Request for Comments

At this point in time we have provisionally agreed on the primary APIs to connect and interoperate the Stemweb and StemmaWeb solutions. We present in this white paper the proposed protocol and data formats that will allow the interconnection of these two solutions. We have striven to keep this protocol for interoperability lightweight, extensible and open so that any developer, researcher, or contributor may scrutinize, comment and suggest changes and enhancements to this protocol.

Description of the proposed framework

The protocol proposed is based on the idea of microservices. These are very small web services, with a RESTlike API as far as possible. The API normally uses JSON as its means of exchange and communication between server and client. Microservices have been defined in the context of the Interedition project (http://interedition.eu/wiki/index.php/About_microservices). Individual microservices may be combined in various ways to drive the functionality of multiple web applications. The interoperability of Stemweb and Stemmaweb follows this model as depicted in Figure 1.

Figure 1: Microservices architecture

Figure 1: Microservices architecture

In this instance the Stemmaweb visualisation service will be a client of the microservice interface provided by Stemweb, sending collation data and receiving one or more stemmatic tree hypotheses in return. The aim is nevertheless to define an API whose ‘server’ functions can be implemented by any other microservice that provides a stemmatological algorithm, and the ‘client’ functions can be implemented by any consumer of such an algorithm.

Server-side API

  • Discovery: The server must provide a discovery resource, e.g.
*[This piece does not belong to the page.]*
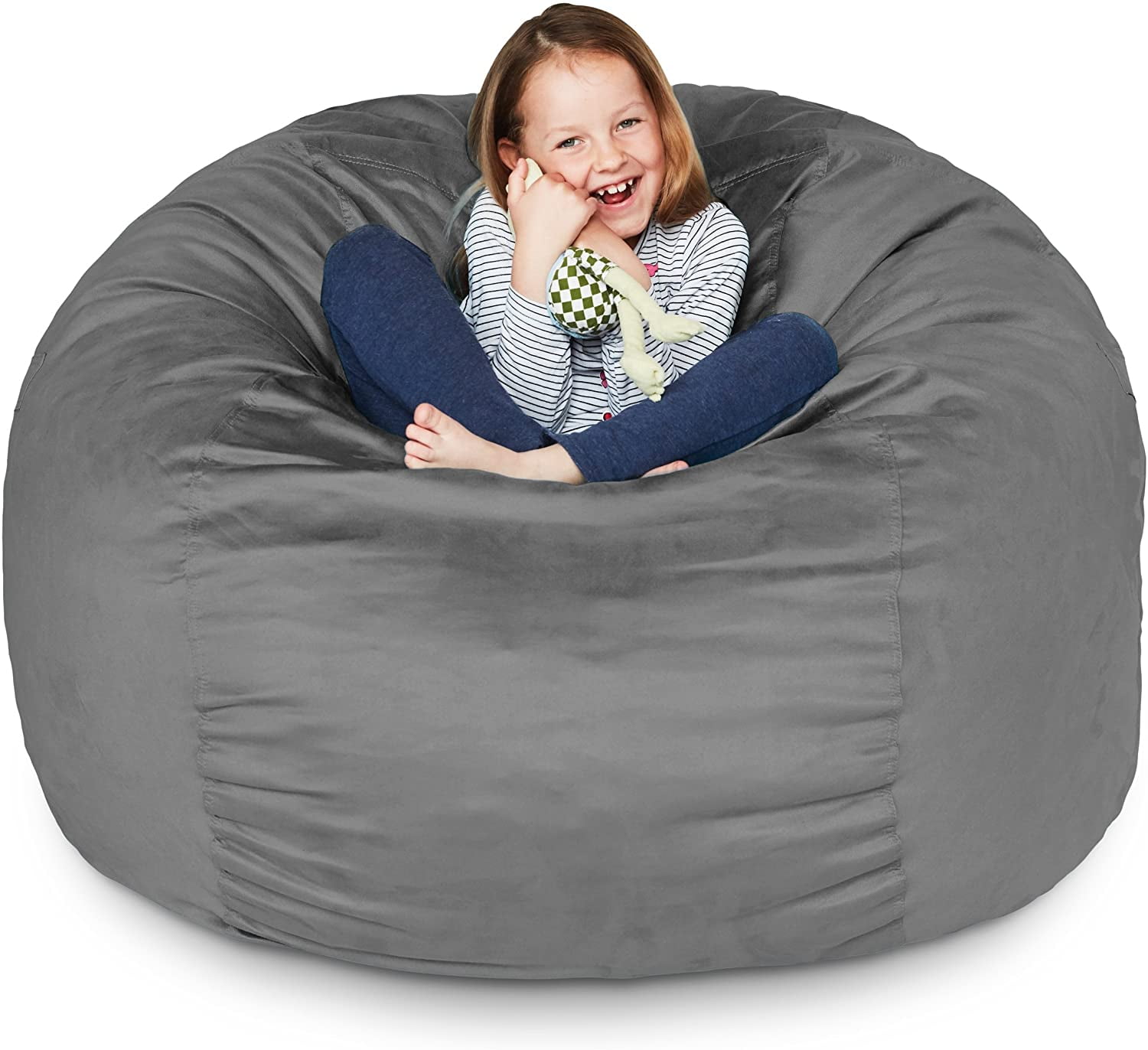 Lumaland Luxury 3-Foot Bean Bag Chair with Microsuede Cover Navy Blue,  Machine Washable Big Size Sofa and Giant Lounger Furniture for Kids, Teens  and Adults : : Home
  GET /algorithms/available

which will return a JSON response that lists the stemmatology algorithms available on the server, along with descriptions for display in a user interface and option parameters that are required or recommended for their use. The response takes the following form:

[ { model: argument
    pk: <ID in server database>
    value: <argument value’s type, see below>
    verbose_name: <human readable name of the argument>
    description: <longer description of argument’s behaviour>
  { model: argument
  { model: algorithm
    pk: <ID in server database>
    name: <human readable name>
    desc: <longer description of the algorithm>
    url: <link to original article, if available>
    args: [<list of argument pk’s for input arguments>]
  { model: algorithm

Valid argument values at present are:  positive_integer, integer, boolean, input_file, float and String.
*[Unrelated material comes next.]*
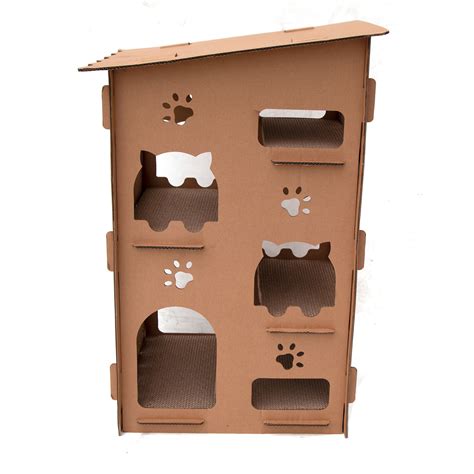 Cat Scratching Cardboard Furniture 4 Level House with Corrugated Scratcher Pad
  • Request: The server must implement an address to listen for incoming requests, e.g.

  POST /algorithms/calculate

The client should send the following request data to accompany the POST request:

{ userid: <email / ID of user>
  algorithm: <ID of algorithm>
  parameters: { ... }
  data: <string containing data in specified format> }

The server will indicate its response via appropriate HTTP status codes, e.g.:

200 OK (job was accepted and will now be processed
  { jobid: id }
400 Bad Request (e.g. request was malformed)
  { error: <error message> }
403 Forbidden (e.g. client not authorized)
  { error: <error message> }

The algorithms for stemmatology calculation can take an arbitrarily long time to run, and we therefore propose an asynchronous callback method for the return of results. For this reason the initial server response to a successful request will consist only of a job ID.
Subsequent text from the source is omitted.